Ionic’s NavController offers an extensive API that allows you to manipulate your apps history, create history from nothing, and programmatically navigate back. NavController has an extensive API with many methods and lifecycle hooks that developers can use. Be sure to check out the documentation

[00:01] Unlike a traditional Angular app, Ionic apps use a NavController for handling routes and views. NavController provides a full API for working with app history, instead of relying on the browser and URLs for navigating around.

[00:15] To set up NavController, we first create a base ion nav component. Then we set a root property. The root property is a dynamic input, and we set its value to the home page component in our base class. With this, we've created an instance of NavController.

[00:31] Now, we can start calling methods on the NavController to start to navigate around our app. For example, from our home page class, we import NavController, inject it into our constructor, and then call push to navigate to a new page.

[00:49] If we want to go back programmatically, we could call pop on the NavController. We'll open up our detail page. Inside of the constructor, we'll add a set timeout.

[01:03] Inside of that, we'll call this.NavController.pop. Then we'll set the time for the timeout to two seconds.

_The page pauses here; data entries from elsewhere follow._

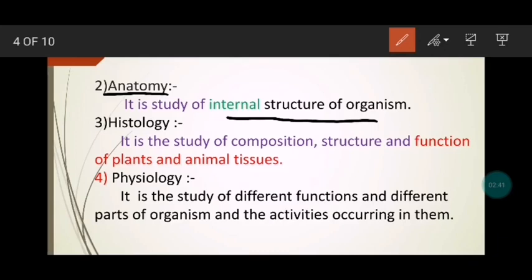Internal structure یعنی کہ جب ہم کسی کو کھولتے ہیں اور اندر جو وائرنگ ہوتی ہے — veins اور organs — وہ internal structure ہوتا ہے۔ جب ہم dissect کرتے ہیں تو وہ inside سے نظر آتا ہے۔ So anatomy is the study of internal structure of organisms.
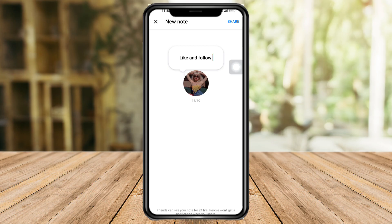How to fix the Messenger Notes feature not showing. Hi guys, in this video I will teach you how to fix the Messenger Notes feature not showing. If you want to learn how it's done, just watch this video until the very end — it's pretty quick and simple, so let's go.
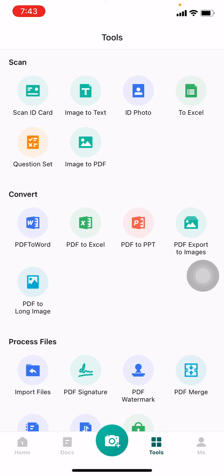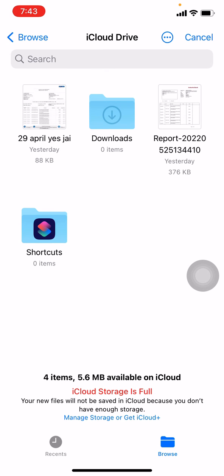You have to go to the Convert section, and there you can see the option PDF Export to Images. Tap on that option. Now here you have to choose the PDF that you want to convert to image.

[01:13] When we navigate to the detail page, we'll wait two seconds, and then NavController.pop will be called. We could think about the navigation stack as an array of components. Push will add a new component to the stack, and pop will remove the current component from the stack.

[01:29] Another advantage of NavController is its ability to create app history from nothing. In home.ts, instead of calling push, let's call setPages instead. Now, setPages takes an array of objects with a page property, and then an optional params property.

[01:50] For our array, we'll set a home page, then a detail page, grabbing a random user. We'll set the home page again, and then the detail page again, but with the user being passed in. Now, when we click on our item, we'll navigate to the last detail page, and then have app history to navigate back through.

[02:25] The NavController API is quite extensive, so be sure to check out the docs for all the available methods.